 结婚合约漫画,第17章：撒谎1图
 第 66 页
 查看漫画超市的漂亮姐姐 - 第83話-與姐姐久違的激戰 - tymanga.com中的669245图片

What you need to do
Copy the entire listing above, line for line, exactly.

Answer space
 结婚合约漫画,第17章：撒谎1图
 第 66 页
 查看漫画超市的漂亮姐姐 - 第83話-與姐姐久違的激戰 - tymanga.com中的669245图片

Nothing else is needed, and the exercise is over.